A questão principal é que não estamos tratando apenas de questões técnicas e exatas. A principal questão está relacionada com CONFIANÇA. Confiança entre quem vende e quem compra. É fácil entender o que motiva o cliente a querer assinar um contrato com escopo fechado. Ninguém gosta de pagar por algo que não sabe exatamente o que irá receber ao final.
A mudança de paradigma só ocorre quando o cliente percebe que ele não está contratando um produto físico, tangível. Ele está contratando um serviço que irá lhe proporcionar entregas rápidas de valor que serão melhores identificadas por na medida em que ele mesmo entra em contato com o produto que está sendo construído por meio de um processo de descoberta. E, ainda, que ele dará total autonomia para que o produto esteja em constante mudança a fim de atender suas reais necessidades.
Estamos reaprendendo a gerenciar projetos, agora com alto grau de incerteza.
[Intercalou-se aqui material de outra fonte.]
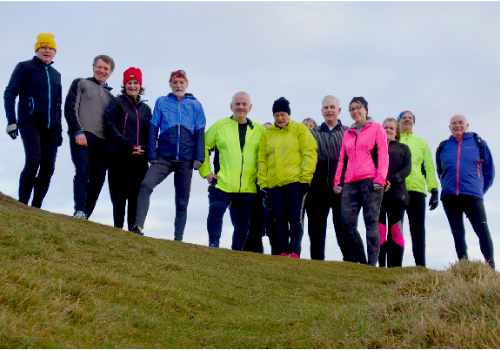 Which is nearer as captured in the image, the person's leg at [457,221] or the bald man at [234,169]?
the bald man at [234,169]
Mas tudo isso só funciona num ambiente de confiança e empoderamento das pessoas. Poder tem a ver com autonomia, liberdade, responsabilidade, liderança, comprometimento e reconhecimento do bom desempenho.
Qualquer que seja a forma como você gerencia seus projetos voltados à inovação, entendemos que esses princípios precisam ser considerados: eliminação de desperdício, criação de conhecimento, decidir o mais tarde possível (com responsabilidade), entregar o mais rápido possível, dar poder às pessoas, construir com integridade e otimizar o todo.
Isso é a base do lean. A gestão ágil para projetos de inovação tem de implementar esses princípios, auxiliando as equipes a entregarem produtos ou serviços de valor em um ambiente complexo, instável e desafiador.”